We surrender fancy meals. I usually eat whatever remnants my child has not finished for breakfast and lunch because it’s the easiest thing to shove in my mouth between dirty baby diapers and laundry. Brandon and I enjoy making big dinners on the weekends at home, but often I only get to inhale a few bites while it’s hot.
Parents surrender their bodies.
Obviously, all women can relate to this… but men, think about it too. Do you have time to go to the gym to make up for the beer and pizza you consume on football Sunday?
As parents, we surrender quite a bit for our children.
We give up a clean home. No one has a clean house 24/7 when you have children. No. One. Unless you have a live-in maid, so don’t lie.

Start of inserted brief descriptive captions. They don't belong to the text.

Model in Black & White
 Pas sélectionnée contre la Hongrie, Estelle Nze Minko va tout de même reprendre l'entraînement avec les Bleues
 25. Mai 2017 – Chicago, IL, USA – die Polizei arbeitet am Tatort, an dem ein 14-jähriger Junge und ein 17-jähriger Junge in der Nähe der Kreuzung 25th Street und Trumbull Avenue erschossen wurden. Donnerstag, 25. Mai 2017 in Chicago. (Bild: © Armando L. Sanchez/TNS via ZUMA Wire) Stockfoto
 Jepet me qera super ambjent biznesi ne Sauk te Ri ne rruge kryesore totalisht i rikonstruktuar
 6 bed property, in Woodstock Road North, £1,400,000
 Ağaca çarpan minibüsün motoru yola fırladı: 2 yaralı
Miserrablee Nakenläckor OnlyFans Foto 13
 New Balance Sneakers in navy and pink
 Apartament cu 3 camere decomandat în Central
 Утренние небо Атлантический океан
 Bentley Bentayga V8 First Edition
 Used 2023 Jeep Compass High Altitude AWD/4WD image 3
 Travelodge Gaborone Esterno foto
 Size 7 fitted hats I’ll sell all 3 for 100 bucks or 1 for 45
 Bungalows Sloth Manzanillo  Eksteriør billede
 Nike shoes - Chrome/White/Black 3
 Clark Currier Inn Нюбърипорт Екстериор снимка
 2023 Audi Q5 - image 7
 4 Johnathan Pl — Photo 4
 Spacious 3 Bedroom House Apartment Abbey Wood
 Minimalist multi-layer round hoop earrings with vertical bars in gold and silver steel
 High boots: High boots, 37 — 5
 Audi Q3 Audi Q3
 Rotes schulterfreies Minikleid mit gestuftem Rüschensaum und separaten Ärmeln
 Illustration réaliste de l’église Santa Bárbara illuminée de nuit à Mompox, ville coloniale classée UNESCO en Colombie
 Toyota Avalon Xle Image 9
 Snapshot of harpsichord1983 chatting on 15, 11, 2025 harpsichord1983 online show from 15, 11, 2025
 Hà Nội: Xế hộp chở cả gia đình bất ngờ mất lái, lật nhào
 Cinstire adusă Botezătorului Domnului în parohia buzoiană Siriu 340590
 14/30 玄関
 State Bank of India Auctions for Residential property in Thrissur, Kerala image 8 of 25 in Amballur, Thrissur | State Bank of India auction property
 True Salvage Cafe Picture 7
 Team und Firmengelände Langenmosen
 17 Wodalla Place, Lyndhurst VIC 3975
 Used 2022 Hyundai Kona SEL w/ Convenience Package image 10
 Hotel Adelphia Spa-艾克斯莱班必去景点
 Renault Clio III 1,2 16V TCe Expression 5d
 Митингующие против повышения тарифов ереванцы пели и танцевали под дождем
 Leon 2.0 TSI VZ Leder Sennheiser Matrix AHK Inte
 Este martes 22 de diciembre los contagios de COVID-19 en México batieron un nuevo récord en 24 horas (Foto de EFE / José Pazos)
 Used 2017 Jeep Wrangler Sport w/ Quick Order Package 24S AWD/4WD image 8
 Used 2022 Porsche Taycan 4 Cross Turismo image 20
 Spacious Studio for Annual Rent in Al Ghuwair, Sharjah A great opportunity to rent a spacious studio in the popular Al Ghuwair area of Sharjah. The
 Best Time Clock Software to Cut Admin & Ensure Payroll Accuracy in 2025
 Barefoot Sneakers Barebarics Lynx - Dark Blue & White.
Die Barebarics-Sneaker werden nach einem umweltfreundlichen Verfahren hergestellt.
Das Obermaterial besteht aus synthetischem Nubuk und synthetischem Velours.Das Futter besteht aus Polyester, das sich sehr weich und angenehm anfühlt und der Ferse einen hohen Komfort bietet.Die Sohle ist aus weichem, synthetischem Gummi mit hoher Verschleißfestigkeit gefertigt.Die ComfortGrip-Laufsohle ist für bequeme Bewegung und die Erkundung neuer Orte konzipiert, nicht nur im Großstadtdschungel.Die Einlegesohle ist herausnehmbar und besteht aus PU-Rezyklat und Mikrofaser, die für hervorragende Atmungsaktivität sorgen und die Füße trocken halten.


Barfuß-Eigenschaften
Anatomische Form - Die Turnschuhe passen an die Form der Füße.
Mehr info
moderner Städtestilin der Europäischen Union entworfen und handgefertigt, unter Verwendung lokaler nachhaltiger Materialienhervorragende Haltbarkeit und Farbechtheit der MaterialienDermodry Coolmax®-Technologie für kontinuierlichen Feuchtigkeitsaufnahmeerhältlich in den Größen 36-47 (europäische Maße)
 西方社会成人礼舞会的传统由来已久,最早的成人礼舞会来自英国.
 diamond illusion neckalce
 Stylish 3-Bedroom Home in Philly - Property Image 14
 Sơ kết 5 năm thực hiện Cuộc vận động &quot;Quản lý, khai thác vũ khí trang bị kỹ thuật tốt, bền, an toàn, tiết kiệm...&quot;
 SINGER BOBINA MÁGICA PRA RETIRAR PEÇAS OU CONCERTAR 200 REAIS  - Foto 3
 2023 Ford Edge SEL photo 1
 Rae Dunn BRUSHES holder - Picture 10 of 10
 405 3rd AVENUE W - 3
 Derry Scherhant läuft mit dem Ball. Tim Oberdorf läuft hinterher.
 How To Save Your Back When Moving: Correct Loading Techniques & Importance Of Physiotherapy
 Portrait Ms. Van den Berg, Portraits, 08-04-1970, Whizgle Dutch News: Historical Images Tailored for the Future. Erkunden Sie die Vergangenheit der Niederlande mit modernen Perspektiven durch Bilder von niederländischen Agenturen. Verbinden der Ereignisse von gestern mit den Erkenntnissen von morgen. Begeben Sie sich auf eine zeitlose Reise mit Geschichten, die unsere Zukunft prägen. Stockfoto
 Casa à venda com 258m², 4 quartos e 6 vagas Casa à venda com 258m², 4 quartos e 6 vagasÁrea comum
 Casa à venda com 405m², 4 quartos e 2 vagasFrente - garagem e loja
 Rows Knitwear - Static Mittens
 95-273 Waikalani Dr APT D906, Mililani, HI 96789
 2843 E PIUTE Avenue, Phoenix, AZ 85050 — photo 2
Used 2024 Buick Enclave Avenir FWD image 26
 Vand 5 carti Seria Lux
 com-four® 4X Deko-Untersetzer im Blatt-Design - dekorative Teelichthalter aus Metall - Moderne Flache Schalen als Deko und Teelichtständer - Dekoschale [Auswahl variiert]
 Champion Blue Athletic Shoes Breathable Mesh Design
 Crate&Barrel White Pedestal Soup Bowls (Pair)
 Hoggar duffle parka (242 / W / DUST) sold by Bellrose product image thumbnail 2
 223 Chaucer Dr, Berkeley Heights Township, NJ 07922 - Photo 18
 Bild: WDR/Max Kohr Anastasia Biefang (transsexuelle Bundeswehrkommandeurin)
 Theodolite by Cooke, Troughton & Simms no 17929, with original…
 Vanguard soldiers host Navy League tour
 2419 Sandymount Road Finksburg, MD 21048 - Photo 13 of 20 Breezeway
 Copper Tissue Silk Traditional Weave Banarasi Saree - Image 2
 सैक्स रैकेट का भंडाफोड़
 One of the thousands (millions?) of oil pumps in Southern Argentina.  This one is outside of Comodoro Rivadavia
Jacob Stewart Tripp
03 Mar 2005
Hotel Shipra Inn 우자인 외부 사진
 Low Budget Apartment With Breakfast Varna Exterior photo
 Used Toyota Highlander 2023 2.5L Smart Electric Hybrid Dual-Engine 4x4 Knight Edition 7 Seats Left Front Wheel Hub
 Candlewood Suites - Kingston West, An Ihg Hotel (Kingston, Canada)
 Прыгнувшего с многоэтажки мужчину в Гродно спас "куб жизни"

Parents surrender guilt-free, stress-free ME time. A simple request for a bubble bath away from the girls is usually interrupted by a toddler who wants to visit Mommy. Even when Brandon and I went to Napa last year for our anniversary, I couldn’t relax entirely. I missed Annabelle and worried about her every couple of hours. Now that we have another little girl to think about, I know our trips away from them will be even more stressful.
We surrender our play money. I used to spend my saved blogging cash on Tory Burch flats. I now buy my daughters matching pajamas or another new toy for going pee pee on the potty. Or a cute pair of shoes that she HAS to have for Christmas pictures. A lot of unnecessary purchases are made on my daughters and not myself. But it’s okay. My new jeans would end up covered in spit up anyways.
Moms relinquish getting all dolled up. I don’t know about you, but if I have time to take a shower and put on makeup, my hair is usually not done. If I have time to do my hair, my makeup is usually not done. We have to pick one or the other. The practicality of having more than an hour to get ready when you are home alone with two kids is unrealistic.
We surrender modesty/privacy. Once you have a child you will rarely go to the bathroom in your own home alone. Get used to questions about your body parts and why Daddy stands up when he goes to the bathroom. How about dancing in public? If you never liked it before, try taking your toddler anywhere music plays. You WILL bust a move and not think twice about it.
We surrender sleep.
Well, that’s an obvious one that doesn’t need explanation. Sleep is number one when it comes to what parents surrender for children.
All that we surrender for our children is worth it. For the smiles, kisses, snuggles, the “I Love Yous” and unconditional love; being a Mom and Dad is better than anything else. We would not trade anything we’ve given up for our daughters… but it is still fun to talk about.